■ ABOUT THIS TASK: Give every line of the listing word for word, beginning at the first and including the line with "Real Car Parking" as the last.

■ SOURCE INFORMATION:
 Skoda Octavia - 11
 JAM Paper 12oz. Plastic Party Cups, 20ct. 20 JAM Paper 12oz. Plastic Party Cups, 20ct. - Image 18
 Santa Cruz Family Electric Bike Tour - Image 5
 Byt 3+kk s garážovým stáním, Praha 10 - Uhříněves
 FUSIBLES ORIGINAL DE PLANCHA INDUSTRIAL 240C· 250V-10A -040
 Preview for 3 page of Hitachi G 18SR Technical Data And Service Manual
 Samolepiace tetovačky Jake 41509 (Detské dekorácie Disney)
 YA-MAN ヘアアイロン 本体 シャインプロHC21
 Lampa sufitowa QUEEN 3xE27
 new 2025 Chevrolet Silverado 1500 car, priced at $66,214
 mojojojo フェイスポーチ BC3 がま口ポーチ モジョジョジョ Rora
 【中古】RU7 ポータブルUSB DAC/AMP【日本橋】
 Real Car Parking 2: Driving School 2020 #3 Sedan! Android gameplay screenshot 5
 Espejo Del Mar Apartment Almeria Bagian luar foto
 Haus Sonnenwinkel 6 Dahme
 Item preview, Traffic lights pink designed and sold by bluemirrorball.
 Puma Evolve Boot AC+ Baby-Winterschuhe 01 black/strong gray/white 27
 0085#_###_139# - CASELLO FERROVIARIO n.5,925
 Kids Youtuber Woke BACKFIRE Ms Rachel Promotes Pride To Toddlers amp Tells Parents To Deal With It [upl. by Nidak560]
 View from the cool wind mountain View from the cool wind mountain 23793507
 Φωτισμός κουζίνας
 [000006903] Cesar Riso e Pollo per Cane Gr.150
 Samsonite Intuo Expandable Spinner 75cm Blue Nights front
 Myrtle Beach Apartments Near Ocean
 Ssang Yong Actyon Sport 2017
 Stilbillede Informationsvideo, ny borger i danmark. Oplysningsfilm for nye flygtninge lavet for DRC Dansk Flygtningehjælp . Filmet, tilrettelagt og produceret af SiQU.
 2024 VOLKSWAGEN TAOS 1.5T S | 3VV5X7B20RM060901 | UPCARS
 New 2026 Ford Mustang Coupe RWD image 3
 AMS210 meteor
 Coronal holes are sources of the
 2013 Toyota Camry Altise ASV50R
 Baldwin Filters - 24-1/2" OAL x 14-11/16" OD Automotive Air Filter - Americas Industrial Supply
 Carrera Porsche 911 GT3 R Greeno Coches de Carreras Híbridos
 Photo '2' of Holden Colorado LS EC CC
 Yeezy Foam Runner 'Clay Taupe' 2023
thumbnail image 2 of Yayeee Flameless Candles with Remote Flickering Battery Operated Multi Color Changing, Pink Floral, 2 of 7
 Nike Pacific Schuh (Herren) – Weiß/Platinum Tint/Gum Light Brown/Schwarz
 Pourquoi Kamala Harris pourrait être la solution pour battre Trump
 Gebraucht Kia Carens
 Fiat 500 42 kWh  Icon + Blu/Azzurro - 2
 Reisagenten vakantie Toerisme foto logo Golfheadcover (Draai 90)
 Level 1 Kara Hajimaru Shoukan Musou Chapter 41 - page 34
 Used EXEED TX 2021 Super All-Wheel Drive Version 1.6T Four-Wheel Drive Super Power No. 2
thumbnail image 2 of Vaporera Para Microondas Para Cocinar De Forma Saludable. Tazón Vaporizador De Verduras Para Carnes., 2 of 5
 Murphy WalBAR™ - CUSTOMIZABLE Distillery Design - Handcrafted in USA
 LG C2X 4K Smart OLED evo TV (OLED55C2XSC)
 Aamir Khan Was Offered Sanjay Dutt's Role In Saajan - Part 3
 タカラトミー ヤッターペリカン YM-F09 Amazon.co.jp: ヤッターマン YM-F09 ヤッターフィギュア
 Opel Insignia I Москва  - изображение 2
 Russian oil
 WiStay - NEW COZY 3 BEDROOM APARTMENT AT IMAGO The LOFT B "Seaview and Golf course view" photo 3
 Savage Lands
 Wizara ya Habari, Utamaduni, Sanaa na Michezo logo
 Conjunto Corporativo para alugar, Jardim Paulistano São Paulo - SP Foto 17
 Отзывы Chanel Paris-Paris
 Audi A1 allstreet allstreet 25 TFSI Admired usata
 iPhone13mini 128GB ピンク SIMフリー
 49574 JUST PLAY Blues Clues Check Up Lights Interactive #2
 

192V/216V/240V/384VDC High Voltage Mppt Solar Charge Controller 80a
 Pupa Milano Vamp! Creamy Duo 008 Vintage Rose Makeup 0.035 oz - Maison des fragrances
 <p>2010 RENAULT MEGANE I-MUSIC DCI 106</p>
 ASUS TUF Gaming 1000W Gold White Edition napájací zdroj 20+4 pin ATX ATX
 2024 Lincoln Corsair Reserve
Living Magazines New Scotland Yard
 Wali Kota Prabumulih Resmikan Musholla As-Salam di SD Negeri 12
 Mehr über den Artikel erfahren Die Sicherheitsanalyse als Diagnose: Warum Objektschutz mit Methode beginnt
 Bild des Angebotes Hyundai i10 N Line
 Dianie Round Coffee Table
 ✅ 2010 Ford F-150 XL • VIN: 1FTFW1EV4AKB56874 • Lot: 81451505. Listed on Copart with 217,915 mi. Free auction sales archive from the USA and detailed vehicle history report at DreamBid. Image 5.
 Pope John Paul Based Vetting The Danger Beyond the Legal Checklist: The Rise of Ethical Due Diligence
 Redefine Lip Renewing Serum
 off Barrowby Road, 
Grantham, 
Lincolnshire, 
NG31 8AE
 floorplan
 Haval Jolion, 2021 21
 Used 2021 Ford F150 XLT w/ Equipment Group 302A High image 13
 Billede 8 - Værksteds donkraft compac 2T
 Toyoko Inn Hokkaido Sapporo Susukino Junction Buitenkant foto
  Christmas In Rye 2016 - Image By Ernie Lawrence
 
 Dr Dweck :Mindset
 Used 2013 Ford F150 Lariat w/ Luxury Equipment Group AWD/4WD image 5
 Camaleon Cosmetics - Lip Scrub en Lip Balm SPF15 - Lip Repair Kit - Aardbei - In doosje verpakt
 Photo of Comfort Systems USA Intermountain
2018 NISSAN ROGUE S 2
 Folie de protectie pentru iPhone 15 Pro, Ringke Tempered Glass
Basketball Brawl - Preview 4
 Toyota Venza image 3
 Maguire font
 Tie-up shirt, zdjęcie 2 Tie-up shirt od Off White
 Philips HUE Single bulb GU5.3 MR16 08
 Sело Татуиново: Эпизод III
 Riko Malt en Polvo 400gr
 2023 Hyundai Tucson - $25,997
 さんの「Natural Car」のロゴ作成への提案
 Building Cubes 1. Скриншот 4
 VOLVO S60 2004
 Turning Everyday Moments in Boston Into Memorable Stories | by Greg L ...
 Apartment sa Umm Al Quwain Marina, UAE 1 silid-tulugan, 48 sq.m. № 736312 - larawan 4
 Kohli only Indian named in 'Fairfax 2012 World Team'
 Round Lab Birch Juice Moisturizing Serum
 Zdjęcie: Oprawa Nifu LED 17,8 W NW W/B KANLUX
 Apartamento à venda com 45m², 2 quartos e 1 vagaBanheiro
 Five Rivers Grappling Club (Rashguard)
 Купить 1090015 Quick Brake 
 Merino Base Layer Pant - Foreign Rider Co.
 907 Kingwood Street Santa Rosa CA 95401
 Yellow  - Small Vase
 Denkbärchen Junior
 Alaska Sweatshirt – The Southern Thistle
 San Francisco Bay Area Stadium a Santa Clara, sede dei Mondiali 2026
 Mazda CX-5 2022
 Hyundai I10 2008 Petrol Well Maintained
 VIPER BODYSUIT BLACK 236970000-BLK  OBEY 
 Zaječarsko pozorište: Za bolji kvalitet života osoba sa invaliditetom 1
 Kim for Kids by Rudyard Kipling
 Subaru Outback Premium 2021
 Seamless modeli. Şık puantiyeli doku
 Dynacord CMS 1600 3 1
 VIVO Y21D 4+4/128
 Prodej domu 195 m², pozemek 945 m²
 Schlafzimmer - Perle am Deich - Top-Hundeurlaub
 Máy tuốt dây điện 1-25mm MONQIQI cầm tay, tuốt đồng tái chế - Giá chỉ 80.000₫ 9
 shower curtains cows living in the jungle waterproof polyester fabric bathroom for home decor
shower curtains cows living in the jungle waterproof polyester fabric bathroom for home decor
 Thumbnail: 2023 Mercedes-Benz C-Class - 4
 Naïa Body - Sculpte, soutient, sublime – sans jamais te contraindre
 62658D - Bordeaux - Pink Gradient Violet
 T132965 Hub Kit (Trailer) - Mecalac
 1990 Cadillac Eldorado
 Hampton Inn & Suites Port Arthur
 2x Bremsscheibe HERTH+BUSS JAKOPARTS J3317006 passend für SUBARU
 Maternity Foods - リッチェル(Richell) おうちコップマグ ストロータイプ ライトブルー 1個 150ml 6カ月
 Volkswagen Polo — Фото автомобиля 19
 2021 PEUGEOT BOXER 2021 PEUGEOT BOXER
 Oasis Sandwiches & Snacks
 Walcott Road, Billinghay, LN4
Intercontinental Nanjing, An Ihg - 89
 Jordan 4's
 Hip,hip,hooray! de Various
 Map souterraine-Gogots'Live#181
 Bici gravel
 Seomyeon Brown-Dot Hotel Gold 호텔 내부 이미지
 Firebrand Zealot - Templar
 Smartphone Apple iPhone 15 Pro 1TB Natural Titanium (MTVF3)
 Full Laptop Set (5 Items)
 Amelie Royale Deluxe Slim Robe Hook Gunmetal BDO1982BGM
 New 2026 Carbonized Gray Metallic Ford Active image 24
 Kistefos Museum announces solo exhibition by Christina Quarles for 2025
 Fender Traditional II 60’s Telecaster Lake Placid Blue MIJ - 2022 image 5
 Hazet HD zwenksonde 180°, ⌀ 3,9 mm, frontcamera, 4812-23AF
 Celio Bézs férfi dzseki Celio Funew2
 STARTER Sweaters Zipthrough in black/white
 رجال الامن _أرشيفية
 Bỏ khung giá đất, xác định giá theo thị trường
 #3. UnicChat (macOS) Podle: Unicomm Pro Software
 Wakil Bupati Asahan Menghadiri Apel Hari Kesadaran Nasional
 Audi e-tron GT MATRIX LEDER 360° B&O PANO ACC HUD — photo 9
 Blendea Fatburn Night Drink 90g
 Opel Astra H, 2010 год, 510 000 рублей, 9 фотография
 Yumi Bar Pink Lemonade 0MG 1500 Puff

■ YOUR SOLUTION:
 Skoda Octavia - 11
 JAM Paper 12oz. Plastic Party Cups, 20ct. 20 JAM Paper 12oz. Plastic Party Cups, 20ct. - Image 18
 Santa Cruz Family Electric Bike Tour - Image 5
 Byt 3+kk s garážovým stáním, Praha 10 - Uhříněves
 FUSIBLES ORIGINAL DE PLANCHA INDUSTRIAL 240C· 250V-10A -040
 Preview for 3 page of Hitachi G 18SR Technical Data And Service Manual
 Samolepiace tetovačky Jake 41509 (Detské dekorácie Disney)
 YA-MAN ヘアアイロン 本体 シャインプロHC21
 Lampa sufitowa QUEEN 3xE27
 new 2025 Chevrolet Silverado 1500 car, priced at $66,214
 mojojojo フェイスポーチ BC3 がま口ポーチ モジョジョジョ Rora
 【中古】RU7 ポータブルUSB DAC/AMP【日本橋】
 Real Car Parking 2: Driving School 2020 #3 Sedan! Android gameplay screenshot 5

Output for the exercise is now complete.